Work request: Below is a listing. Set down exactly the lines from the one containing "Estrogen-receptor-ER506-human-breast-FFPE-CF488A-tyramide" through the one containing "Recurrence at the", both ends included, and leave out the rest.
[Information supplied Boundary: Start]
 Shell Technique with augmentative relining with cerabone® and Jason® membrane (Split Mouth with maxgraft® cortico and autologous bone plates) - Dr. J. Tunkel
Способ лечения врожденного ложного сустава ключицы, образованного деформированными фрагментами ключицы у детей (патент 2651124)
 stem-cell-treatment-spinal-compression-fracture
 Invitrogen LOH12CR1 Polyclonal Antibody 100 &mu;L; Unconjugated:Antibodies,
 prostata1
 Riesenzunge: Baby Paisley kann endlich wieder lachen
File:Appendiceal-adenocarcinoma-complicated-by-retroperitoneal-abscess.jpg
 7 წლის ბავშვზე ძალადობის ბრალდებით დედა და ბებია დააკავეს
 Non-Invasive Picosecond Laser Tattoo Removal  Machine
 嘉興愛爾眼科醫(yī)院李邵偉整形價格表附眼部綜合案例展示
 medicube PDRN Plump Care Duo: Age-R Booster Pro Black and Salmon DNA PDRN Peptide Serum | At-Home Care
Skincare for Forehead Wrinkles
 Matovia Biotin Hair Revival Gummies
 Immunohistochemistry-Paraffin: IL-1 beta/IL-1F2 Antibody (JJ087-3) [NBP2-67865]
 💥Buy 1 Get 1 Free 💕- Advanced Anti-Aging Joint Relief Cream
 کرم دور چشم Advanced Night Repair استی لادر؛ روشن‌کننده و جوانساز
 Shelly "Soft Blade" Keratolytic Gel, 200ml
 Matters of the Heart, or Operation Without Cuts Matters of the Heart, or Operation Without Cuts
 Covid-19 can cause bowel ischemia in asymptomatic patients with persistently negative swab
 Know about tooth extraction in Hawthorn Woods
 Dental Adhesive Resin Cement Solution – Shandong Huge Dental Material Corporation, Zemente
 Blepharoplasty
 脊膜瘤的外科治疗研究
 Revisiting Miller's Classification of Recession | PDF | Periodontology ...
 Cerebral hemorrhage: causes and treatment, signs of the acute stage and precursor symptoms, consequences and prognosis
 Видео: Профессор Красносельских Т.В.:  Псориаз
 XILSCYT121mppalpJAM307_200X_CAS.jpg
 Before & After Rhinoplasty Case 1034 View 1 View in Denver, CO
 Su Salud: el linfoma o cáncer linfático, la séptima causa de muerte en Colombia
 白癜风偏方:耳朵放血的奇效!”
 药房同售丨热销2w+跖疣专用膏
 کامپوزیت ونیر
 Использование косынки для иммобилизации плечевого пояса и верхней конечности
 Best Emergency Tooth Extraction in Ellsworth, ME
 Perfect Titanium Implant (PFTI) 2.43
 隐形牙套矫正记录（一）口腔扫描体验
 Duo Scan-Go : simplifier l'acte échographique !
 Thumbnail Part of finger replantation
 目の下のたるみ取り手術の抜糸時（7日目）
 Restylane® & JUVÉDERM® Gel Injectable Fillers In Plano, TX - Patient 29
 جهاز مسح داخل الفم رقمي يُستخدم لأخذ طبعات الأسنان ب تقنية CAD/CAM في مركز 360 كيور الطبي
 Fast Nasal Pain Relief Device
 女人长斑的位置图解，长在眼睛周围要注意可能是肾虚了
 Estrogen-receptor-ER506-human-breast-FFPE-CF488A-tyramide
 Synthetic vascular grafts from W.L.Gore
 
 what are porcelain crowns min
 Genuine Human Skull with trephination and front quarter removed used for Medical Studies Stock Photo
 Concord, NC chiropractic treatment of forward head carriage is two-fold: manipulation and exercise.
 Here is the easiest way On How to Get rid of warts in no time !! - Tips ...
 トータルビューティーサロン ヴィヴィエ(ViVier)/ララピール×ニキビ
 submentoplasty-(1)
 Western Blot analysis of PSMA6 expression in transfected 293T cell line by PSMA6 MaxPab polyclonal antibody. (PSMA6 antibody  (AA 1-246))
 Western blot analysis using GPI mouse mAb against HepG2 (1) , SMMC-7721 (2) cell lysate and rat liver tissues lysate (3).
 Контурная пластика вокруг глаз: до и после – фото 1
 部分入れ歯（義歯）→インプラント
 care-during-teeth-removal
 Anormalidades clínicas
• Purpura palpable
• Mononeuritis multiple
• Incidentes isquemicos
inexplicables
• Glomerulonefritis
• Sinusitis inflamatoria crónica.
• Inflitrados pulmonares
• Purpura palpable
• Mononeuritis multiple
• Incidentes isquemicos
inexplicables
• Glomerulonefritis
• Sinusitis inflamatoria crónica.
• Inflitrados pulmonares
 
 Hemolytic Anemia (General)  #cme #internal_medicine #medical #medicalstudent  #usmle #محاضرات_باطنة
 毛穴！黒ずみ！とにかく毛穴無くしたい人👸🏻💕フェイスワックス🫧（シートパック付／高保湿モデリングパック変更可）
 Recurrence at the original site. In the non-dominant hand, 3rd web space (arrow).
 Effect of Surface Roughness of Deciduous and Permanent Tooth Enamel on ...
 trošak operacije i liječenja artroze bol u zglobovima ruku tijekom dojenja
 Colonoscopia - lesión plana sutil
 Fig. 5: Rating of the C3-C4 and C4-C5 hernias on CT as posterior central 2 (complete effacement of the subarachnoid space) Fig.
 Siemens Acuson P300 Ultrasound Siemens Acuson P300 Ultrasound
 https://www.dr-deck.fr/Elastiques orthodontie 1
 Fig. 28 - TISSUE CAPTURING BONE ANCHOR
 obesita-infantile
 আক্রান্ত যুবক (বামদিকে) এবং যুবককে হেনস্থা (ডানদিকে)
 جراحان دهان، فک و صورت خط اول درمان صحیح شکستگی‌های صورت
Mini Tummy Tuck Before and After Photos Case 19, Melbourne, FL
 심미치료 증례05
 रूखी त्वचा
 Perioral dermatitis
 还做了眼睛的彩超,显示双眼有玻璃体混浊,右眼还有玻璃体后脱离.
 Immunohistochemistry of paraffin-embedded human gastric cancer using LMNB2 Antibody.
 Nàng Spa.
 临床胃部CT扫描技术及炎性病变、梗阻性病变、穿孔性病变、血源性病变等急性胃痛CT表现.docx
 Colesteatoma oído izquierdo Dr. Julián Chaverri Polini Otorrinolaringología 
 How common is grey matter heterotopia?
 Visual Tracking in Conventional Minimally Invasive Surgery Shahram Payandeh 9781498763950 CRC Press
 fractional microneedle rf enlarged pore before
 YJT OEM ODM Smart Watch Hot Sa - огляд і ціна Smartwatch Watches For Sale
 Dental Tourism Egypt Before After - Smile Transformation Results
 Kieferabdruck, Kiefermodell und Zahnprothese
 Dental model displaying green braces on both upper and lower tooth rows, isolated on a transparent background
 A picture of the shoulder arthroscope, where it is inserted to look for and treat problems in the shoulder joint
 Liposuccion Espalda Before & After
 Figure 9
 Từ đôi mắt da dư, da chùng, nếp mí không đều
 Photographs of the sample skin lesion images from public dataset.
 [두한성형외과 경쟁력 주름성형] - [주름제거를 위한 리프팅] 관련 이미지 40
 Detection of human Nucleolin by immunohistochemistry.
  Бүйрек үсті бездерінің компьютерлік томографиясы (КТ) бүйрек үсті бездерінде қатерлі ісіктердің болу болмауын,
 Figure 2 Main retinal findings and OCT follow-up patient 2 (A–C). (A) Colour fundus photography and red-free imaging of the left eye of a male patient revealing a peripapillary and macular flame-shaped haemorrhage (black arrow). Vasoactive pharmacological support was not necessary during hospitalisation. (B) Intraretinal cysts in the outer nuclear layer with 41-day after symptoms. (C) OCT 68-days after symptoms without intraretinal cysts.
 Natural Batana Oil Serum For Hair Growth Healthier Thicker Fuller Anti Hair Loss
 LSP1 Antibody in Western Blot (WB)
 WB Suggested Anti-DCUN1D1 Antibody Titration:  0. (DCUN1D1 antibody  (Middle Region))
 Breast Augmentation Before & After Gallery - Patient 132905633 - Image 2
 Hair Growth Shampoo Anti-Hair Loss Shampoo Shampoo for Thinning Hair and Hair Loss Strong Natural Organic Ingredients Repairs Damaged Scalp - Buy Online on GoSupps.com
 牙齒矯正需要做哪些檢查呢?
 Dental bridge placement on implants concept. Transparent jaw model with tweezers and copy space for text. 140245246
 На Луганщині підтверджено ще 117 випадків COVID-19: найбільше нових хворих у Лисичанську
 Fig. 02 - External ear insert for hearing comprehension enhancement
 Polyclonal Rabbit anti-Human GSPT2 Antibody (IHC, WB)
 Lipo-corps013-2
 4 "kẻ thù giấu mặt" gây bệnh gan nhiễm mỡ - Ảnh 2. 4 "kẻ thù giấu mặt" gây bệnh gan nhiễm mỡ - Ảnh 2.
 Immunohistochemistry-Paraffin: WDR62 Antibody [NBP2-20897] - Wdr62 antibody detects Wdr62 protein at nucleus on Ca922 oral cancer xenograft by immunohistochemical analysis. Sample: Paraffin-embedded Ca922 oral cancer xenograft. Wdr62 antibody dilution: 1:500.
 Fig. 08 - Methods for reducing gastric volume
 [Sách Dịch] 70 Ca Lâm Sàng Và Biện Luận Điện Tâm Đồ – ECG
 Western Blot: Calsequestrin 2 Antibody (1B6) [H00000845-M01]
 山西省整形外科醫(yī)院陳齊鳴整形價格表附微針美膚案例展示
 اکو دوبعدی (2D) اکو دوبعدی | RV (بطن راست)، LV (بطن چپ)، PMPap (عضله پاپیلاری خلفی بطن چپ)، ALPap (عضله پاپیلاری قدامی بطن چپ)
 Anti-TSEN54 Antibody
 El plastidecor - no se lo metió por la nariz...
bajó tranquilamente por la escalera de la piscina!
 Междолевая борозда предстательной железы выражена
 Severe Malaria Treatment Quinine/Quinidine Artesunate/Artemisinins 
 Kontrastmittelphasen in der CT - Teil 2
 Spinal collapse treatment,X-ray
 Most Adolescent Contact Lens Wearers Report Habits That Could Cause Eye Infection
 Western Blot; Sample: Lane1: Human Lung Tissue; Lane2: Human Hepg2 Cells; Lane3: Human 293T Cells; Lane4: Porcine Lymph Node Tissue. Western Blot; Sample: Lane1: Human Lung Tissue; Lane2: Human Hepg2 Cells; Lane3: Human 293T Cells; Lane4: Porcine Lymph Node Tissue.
[Information supplied Boundary: End]
Solved exercise:
 Estrogen-receptor-ER506-human-breast-FFPE-CF488A-tyramide
 Synthetic vascular grafts from W.L.Gore
 
 what are porcelain crowns min
 Genuine Human Skull with trephination and front quarter removed used for Medical Studies Stock Photo
 Concord, NC chiropractic treatment of forward head carriage is two-fold: manipulation and exercise.
 Here is the easiest way On How to Get rid of warts in no time !! - Tips ...
 トータルビューティーサロン ヴィヴィエ(ViVier)/ララピール×ニキビ
 submentoplasty-(1)
 Western Blot analysis of PSMA6 expression in transfected 293T cell line by PSMA6 MaxPab polyclonal antibody. (PSMA6 antibody  (AA 1-246))
 Western blot analysis using GPI mouse mAb against HepG2 (1) , SMMC-7721 (2) cell lysate and rat liver tissues lysate (3).
 Контурная пластика вокруг глаз: до и после – фото 1
 部分入れ歯（義歯）→インプラント
 care-during-teeth-removal
 Anormalidades clínicas
• Purpura palpable
• Mononeuritis multiple
• Incidentes isquemicos
inexplicables
• Glomerulonefritis
• Sinusitis inflamatoria crónica.
• Inflitrados pulmonares
• Purpura palpable
• Mononeuritis multiple
• Incidentes isquemicos
inexplicables
• Glomerulonefritis
• Sinusitis inflamatoria crónica.
• Inflitrados pulmonares
 
 Hemolytic Anemia (General)  #cme #internal_medicine #medical #medicalstudent  #usmle #محاضرات_باطنة
 毛穴！黒ずみ！とにかく毛穴無くしたい人👸🏻💕フェイスワックス🫧（シートパック付／高保湿モデリングパック変更可）
 Recurrence at the original site. In the non-dominant hand, 3rd web space (arrow).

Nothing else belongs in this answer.